Information shown:
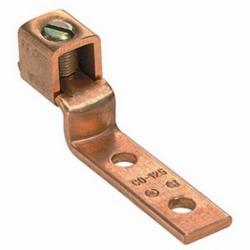 TWO HOLE COPPER GROUNDING LUG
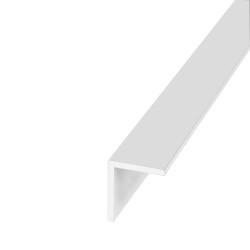 Rothley 1000mm Plastic Angle - Unequal Sided - 40 x 10 x 2mm - White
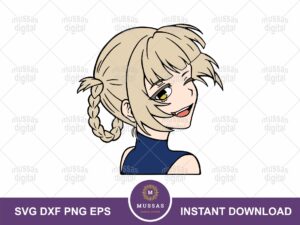 Himiko Toga SVG, Anime Vector, My Hero Academia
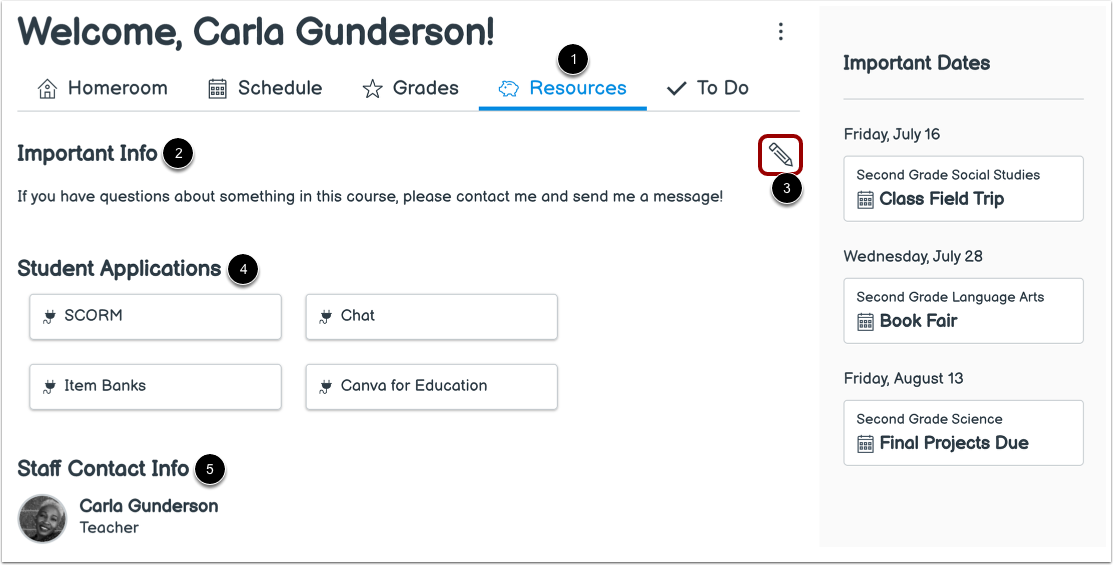 View Homeroom Resources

Problem statement: The task calls for every line of the data to be returned exactly, without pictures.

Task response:
 TWO HOLE COPPER GROUNDING LUG
 Rothley 1000mm Plastic Angle - Unequal Sided - 40 x 10 x 2mm - White
 Himiko Toga SVG, Anime Vector, My Hero Academia
 View Homeroom Resources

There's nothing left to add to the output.